* About this task
Set down all of the data again, character for character.

* Dataset section
────────────────────────────────────────

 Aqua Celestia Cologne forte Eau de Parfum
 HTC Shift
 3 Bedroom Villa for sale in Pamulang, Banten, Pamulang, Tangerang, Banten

────────────────────────────────────────

* Your response
 Aqua Celestia Cologne forte Eau de Parfum
 HTC Shift
 3 Bedroom Villa for sale in Pamulang, Banten, Pamulang, Tangerang, Banten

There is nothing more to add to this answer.